If Microsoft loves Yahoo it should set it free (and watch its market cap tank). If Microsoft really wants to show Yahoo that its $31 a share offer is fair it should let Jerry Yang, who has been steadfast in his belief that his company is worth more, live without the bid for awhile. Microsoft could back off, see how things shake out and bid again later.
Opportunity costs. Microsoft could do other things with its money. There's Salesforce.com, Facebook and a bevy of smaller tuck-in acquisitions that would make more sense.
The risks aren't worth it. Microsoft will face regulatory hurdles and disgruntled employees on both sides of the aisle. Meanwhile, Google will continue to run circles around both companies. Is it worth the effort?
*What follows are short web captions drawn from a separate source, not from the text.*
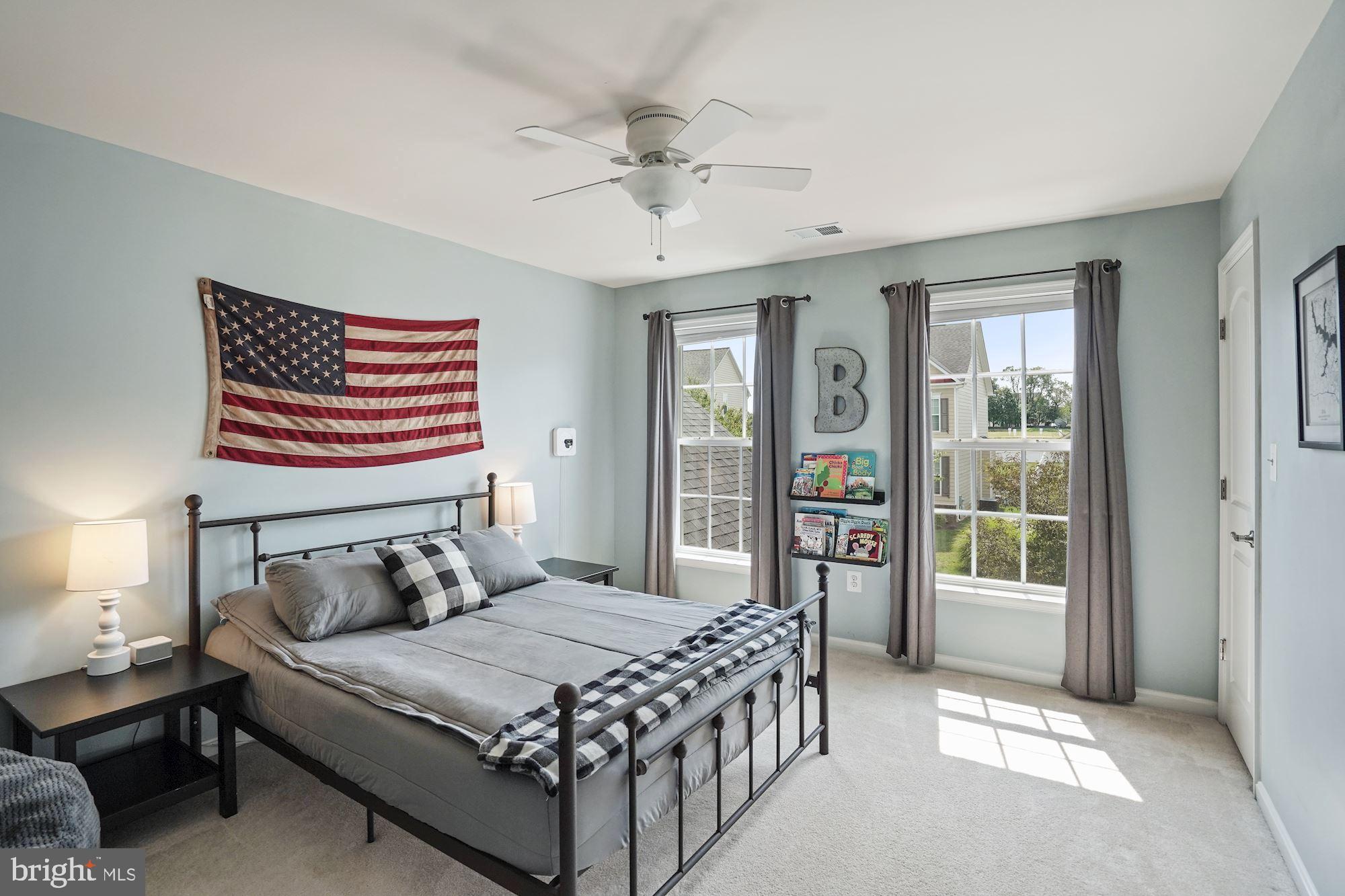 VILLAGE CASE - Residential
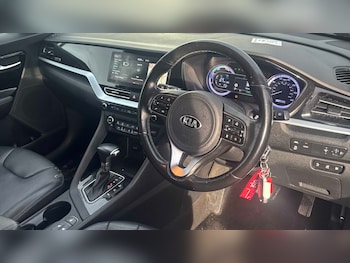 Used Kia Niro 2020 for sale - 77348160: Photo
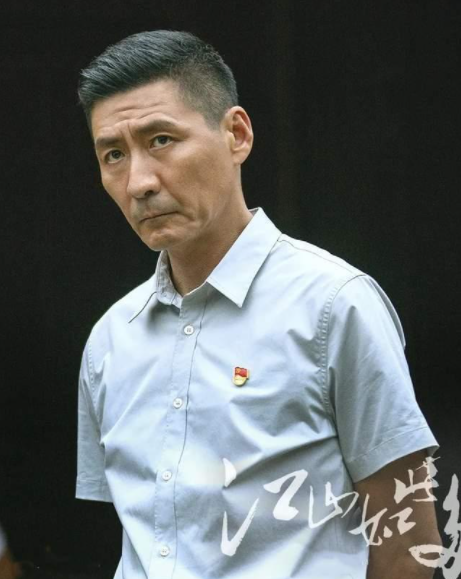 回顾张子健承担前妻治癌费让继子心服今4口人很幸福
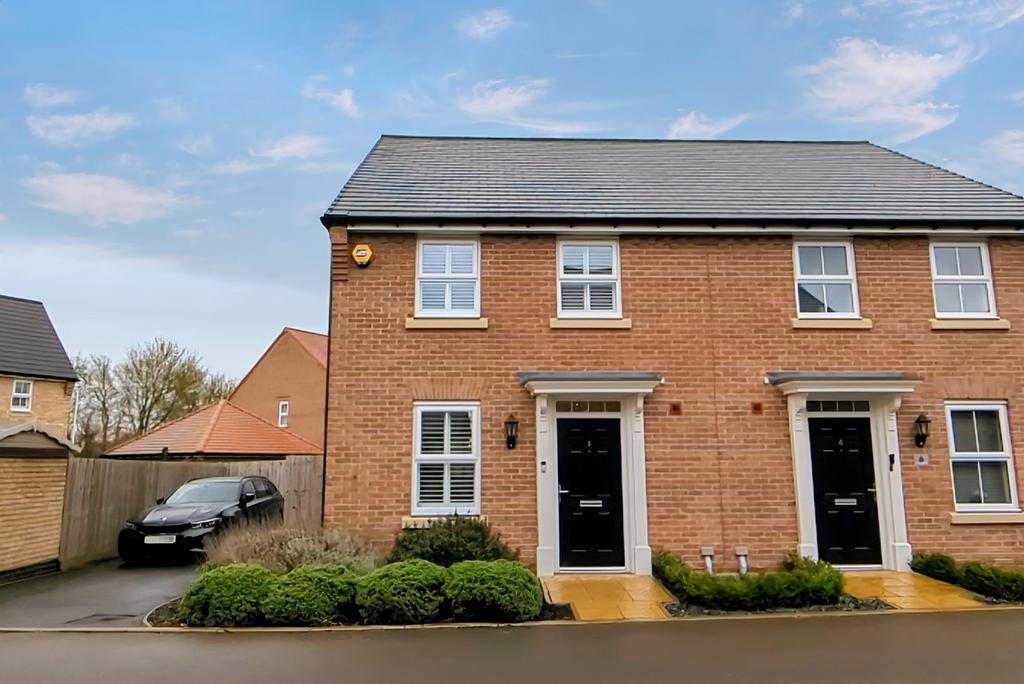Richardson Lane, Halstead CO9 3 bed semidetached house for sale £365,000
Microsoft needs to squeeze Yahoo shareholders too. If Microsoft really wants to go hostile it should do a walk-away first to loosen up any Yahoo shareholders who think they can get $35 a share. Yahoo shareholders will be much more receptive to Microsoft's bid after a little market cap haircut. Nothing annoys shareholders more than watching cash walk away.
Microsoft has more pressing issues. Sure online advertising is a great business. But the software giant's quarter wasn't all that hot. Perhaps Microsoft should focus on its client business, which wasn't up to snuff this quarter.